文:武者良太
最高時速16km/h、航続距離7kmの筋斗雲
高性能なバッテリーマネージメント技術と、高効率なモーター技術が高まってきている現在。公共交通機関が望めない「ラストワンマイル」をケアしようと、世界各国でさまざまな電動モビリティが生まれてきている。
残念ながら日本では法律の壁があり、それらの多くは公道では使えない。しかし交通イノベーションを加速させる施策をとってほしいと強く感じる。日本からも「WALKCAR」(ココアモーターズ・渋谷)のような製品が登場しているからだ。
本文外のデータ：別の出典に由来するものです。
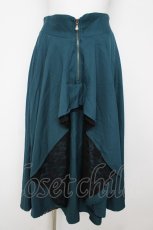 画像1: axes femme / ジップフリルスカート F グリーン Y-26-07-05-176-AX-SK-SZ-ZY (1)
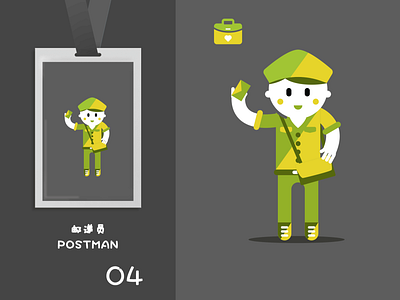 postman character design flat flat design people postman 插图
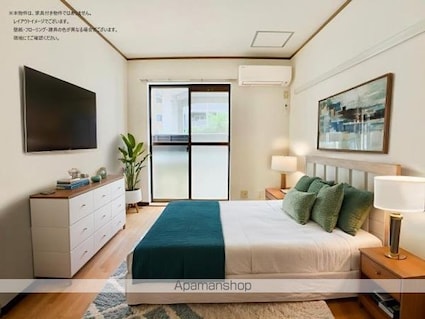 東京都練馬区向山１丁目[1K/20.09m2]のリビング・居間1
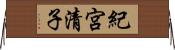 紀宮清子 Horizontal Wall Scroll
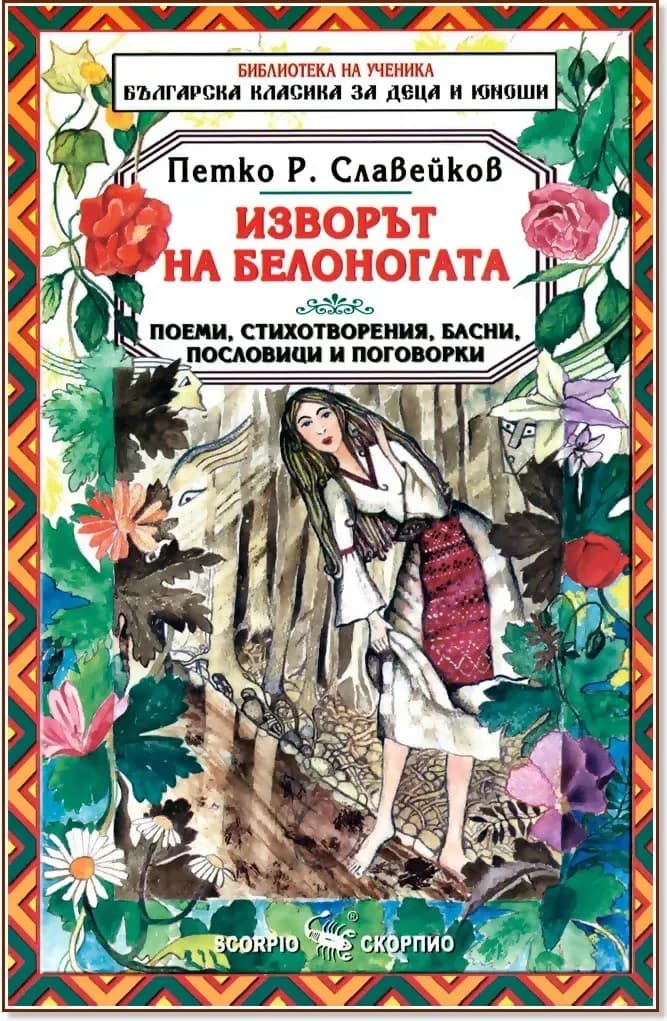 Корица на „Изворът на Белоногата“, Петко Р. Славейков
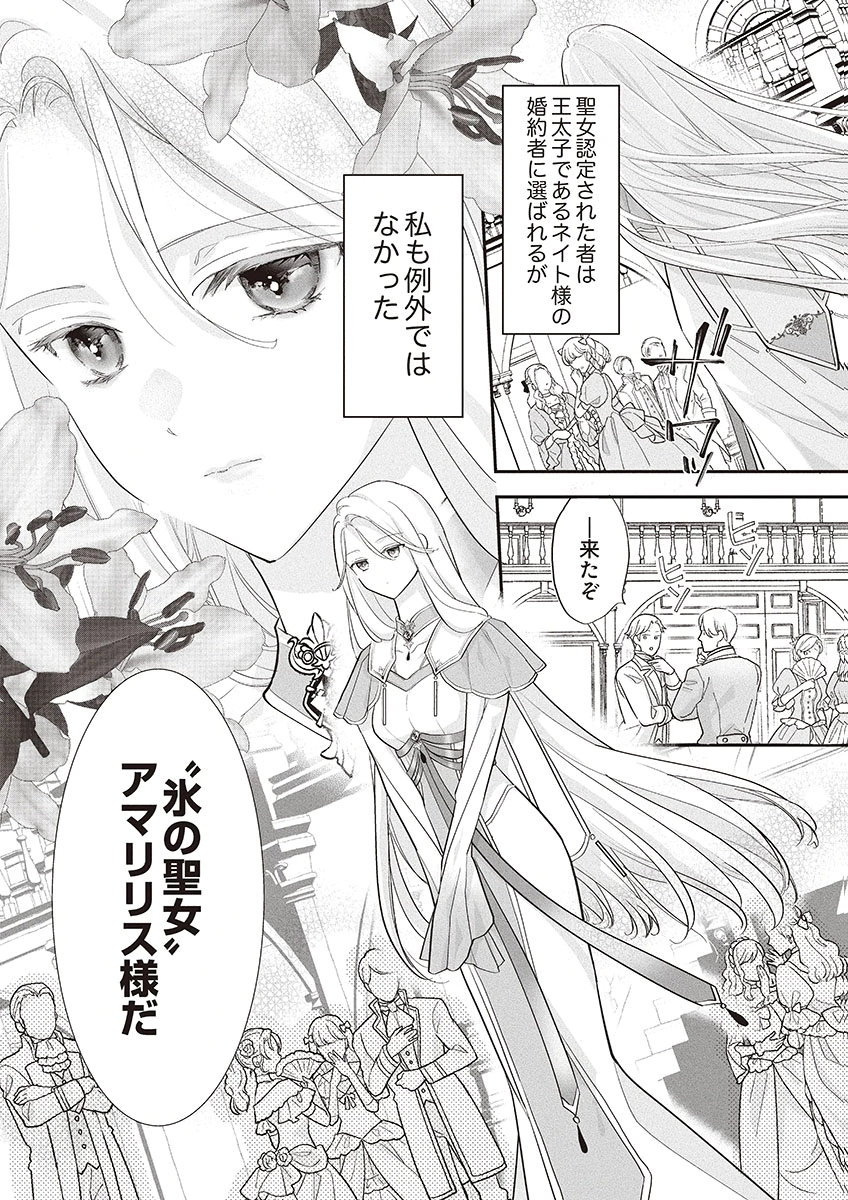 NISEMONO DA TO TEKIKOKU NI TSUIHOU SAREMASHITA GA, DOUYARA HONMONO NO SEIJO WA WATASHI NO YOU DESU. - RAW Chapter 1 page 3 - nihonkuni.com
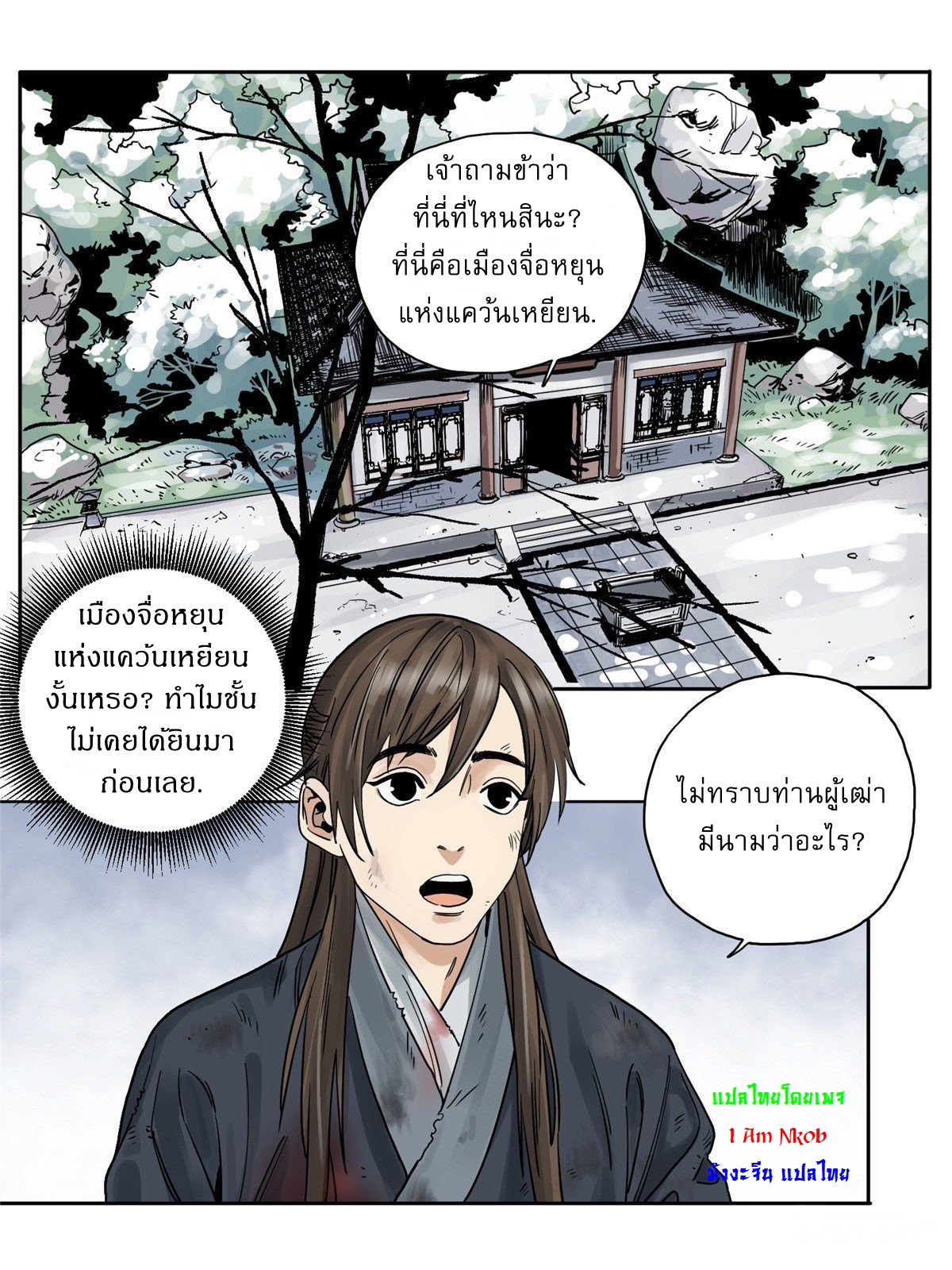 Dao Jun จ้าวแห่งมรรคา ตอนที่ 2 หน้า 3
見た目は13インチノートPCサイズの板。ここには68Whのリチウムイオンバッテリー、新規開発の世界最小インホイールモーター、タイヤを組み込んだWALKCARは、体重移動で加速・減速・停止・コーナリングができるモビリティ。勾配10度の坂を登れるパワーを持つモーターは、16km/hの最高時速(スポーツモード)も叩き出している。航続距離は最高7km(ノーマルモード)で、片道1~3kmほどの道のりを待ち時間なく移動するために作られたものと考えられる。
帝人のカーボン素材テナックスや、同じく帝人のポリカーボネート樹脂パンライトなどを使うことにより、重さはたったの2.9kg。バッグに入れて運ぶこともできる。まさに世界最小のEVといっていいだろう。
走行している姿は、空に浮いて疾走しているかのよう。まるで、ドラゴンボールに登場した筋斗雲だ。
2016年に発表されて以来、世界中から注目を集めたプロダクト。ついに量産型が完成し、6月9日より国内販売がスタートした。価格は税別19万8000円。90万円を超えるセグウェイと比較すれば、そのリーズナブルさが実感できる。
しかし前述したように、WALKCARで日本の公道を走ることはできない。構造上、ナンバーを取得するのも難しいはずだ。
だからこそWALKCARのようなモビリティを、誰もが自由に活用できる都市設計を期待したい。日本のものづくり、製造業を支える土台ともなるはずだ。